The White House advance team has not canceled its travel plans to Singapore for a logistics meeting on the proposed summit with North Korea leader Kim Jong Un, even though President Donald Trump on Thursday said he was pulling out of the historic meeting.
As of Friday morning, the advance team of about 30 White House staffers and State Department officials is still planning to leave for a logistics meeting Southeast Asia on Sunday, according to two people familiar with the planning – though they cautioned the trip could still be canceled before departure.
The team is expected to travel halfway across the globe in order to “keep the door open” on a summit, one White House official said – even though the president announced in a letter on Thursday the meeting was officially off following provocative statements from the North Koreans.
On Friday morning, Trump hinted the meeting could be rescheduled in about-face comments he made to reporters.
“We’ll see what happens,” he said as he departed for the Naval Academy graduation ceremony in Annapolis, Maryland. “It could even be the 12th. We’re talking to them now. They very much want to do it. We’d like to do it. We’ll see what happens.”
The White House appears to be trying to keep up with the uncertainty by having a team on the ground in Asia, just in case.
The manifest for the trip to Singapore, obtained by POLITICO, includes a large advance team lead by deputy chief of staff Joe Hagin and special assistant to the president Patrick Clifton. Also on the manifest: director of presidential advance Bobby Peede, Bill Hughes, Ben Miller, Hannah Salem and Rebecca Wasserstein.
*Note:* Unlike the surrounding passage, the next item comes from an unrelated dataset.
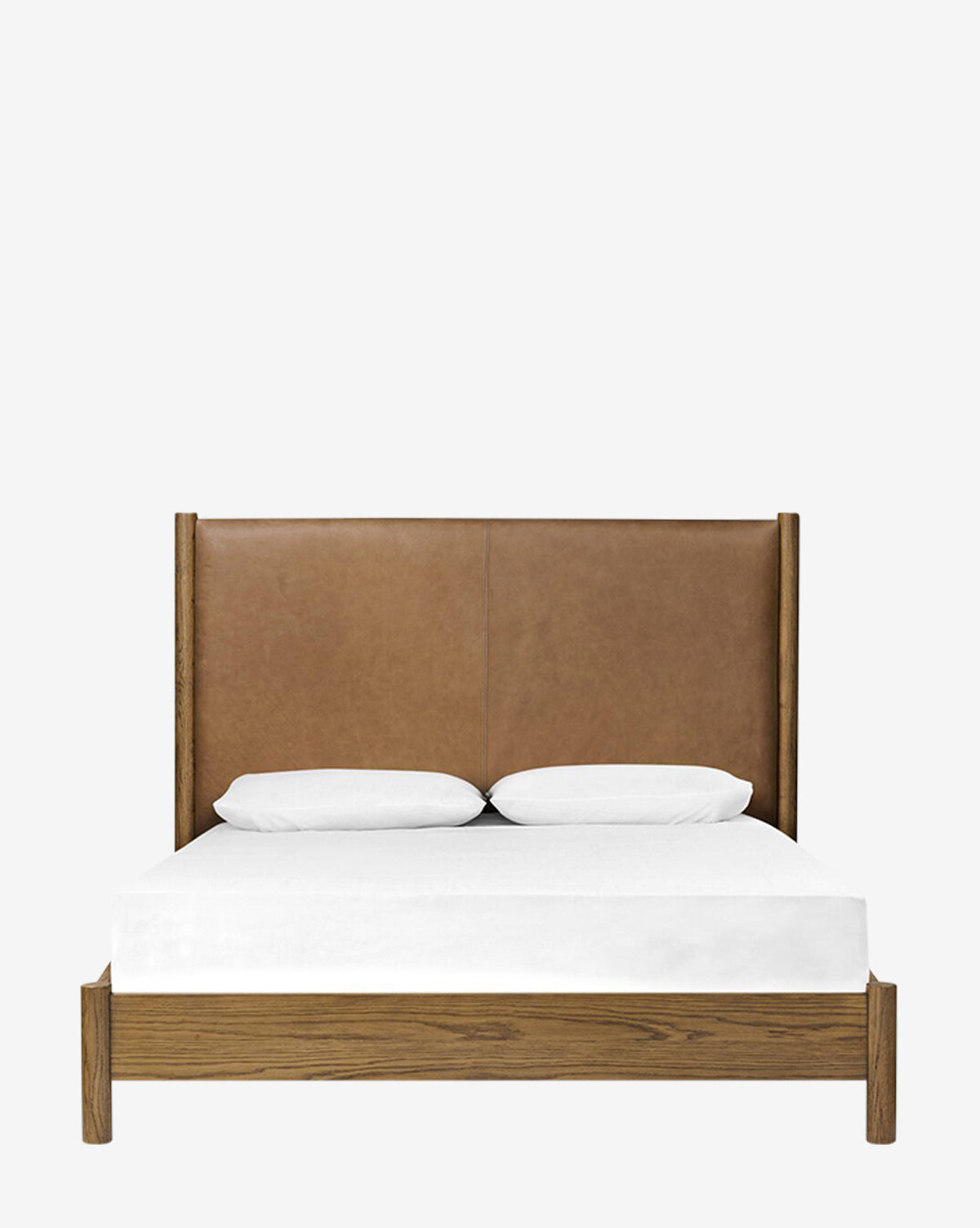 The Four Hands Crue Bed features a tall brown leather upholstered headboard, an oak frame, white bedding, and two white pillows, displayed against a plain white background. McGee & Co.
The team is set to arrive in Japan on May 28 and will leave for Singapore the same day, according to the manifest.
Press secretary Sarah Sanders declined to comment.
Trump's Friday morning comments – as well as the advance team forging ahead with its travel plans – contradicted the official White House line spouted by spokesman Hogan Gidley just an hour earlier.
“Right now at this moment, Kim Jon Un, people at the highest level have not communicated with our government and so we’re stepping back,” Gidley told Fox News.
White House aides watched Trump's remarks on television from inside the West Wing as he departed for Annapolis.
In an early morning tweet, Trump also hinted he wasn’t throwing in the towel on a meeting that he considers a referendum on his famed deal-making skills.
“Very good news to receive the warm and productive statement from North Korea,” he tweeted. “We will soon see where it will lead, hopefully to long and enduring prosperity and peace. Only time (and talent) will tell!”